India Reloaded
- Author: Dheeraj Sinha
- Language: English
- Genre: Marketing
- Publisher: Palgrave Macmillan
- Publication date: 2015
- Publication place: India
- Media type: Print (Hardback)
- ISBN: 978-1137367099

= India Reloaded: Inside India's Resurgent Consumer Market =

2015 book by Dheeraj Sinha

India Reloaded: Inside India's Resurgent Consumer Market is a 2015 book that was written by Dheeraj Sinha. It was first published on July 24, 2015, through Palgrave Macmillan and examines India' consumer market.

==Summary==
In the book Sinha reviews data from several outlets in order to examine success in the Indian consumer market.

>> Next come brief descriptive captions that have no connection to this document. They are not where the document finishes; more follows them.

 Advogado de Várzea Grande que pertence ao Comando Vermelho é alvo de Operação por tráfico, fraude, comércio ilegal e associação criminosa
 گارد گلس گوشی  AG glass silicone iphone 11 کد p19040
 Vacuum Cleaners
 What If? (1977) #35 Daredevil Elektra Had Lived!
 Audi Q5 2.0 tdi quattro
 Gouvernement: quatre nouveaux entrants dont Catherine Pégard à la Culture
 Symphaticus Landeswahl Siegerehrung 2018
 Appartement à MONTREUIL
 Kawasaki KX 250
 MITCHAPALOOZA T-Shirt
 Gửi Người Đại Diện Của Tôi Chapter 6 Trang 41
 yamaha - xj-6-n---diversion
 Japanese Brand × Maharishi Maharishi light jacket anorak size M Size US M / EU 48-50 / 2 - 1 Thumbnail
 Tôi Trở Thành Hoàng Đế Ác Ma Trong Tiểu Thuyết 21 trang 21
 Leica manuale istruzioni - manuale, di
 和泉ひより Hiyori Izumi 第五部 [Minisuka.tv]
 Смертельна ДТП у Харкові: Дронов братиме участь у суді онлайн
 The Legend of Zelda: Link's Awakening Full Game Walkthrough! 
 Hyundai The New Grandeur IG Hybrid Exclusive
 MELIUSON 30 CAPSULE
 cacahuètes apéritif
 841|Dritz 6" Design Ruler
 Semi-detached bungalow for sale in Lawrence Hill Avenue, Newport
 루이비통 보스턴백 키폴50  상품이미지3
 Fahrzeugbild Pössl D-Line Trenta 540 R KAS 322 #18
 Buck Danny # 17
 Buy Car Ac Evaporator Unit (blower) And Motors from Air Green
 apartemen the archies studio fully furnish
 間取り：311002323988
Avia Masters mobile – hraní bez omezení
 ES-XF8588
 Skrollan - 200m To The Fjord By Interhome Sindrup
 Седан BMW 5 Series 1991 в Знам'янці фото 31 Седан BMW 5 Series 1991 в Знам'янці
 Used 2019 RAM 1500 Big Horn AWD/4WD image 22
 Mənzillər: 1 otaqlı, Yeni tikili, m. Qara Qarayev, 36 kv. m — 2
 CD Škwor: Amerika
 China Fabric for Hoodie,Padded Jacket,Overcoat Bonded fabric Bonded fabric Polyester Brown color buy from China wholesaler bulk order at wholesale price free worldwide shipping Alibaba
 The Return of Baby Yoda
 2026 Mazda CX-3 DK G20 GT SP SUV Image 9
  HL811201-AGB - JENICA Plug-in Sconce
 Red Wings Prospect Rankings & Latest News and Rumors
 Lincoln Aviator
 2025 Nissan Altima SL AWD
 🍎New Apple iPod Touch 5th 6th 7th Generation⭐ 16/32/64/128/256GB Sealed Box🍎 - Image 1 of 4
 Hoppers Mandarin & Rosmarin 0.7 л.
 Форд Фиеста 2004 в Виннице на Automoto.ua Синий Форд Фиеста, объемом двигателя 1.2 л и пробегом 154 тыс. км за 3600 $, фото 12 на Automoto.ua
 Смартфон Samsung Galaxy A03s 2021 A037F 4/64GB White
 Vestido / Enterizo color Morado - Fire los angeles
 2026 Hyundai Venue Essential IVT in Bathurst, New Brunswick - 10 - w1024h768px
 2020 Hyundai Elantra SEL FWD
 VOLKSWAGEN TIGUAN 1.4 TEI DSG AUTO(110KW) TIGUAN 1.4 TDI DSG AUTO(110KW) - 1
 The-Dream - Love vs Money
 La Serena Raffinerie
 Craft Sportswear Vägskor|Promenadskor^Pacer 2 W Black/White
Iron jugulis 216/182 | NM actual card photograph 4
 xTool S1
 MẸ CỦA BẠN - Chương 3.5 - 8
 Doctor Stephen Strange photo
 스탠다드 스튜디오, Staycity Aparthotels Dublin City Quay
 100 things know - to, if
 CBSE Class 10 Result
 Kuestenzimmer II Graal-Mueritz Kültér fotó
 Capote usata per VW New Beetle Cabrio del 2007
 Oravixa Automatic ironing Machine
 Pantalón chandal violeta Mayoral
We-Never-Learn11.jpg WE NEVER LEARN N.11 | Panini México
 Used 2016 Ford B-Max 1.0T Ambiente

He also looks at several myths and contradictions surrounding this market and draws upon his own experiences.

==Reception==
Brand Equity wrote a mostly favorable review, criticizing Sinha for utilizing "bland business terms" while commending him for the "range and breadth of sources from which Dheeraj draws his data points, and mines them for insight." The Business Standard was mixed, writing "Some parts of the book are a bit tedious, especially when the author discusses political developments in great detail and describes Hindi films to show how popular culture reflects the changed thinking of consumers. But one thing is certain - if you want to understand the Indian mindset and how consumer psychology works, the book provides the on-ground realities and challenges for brands."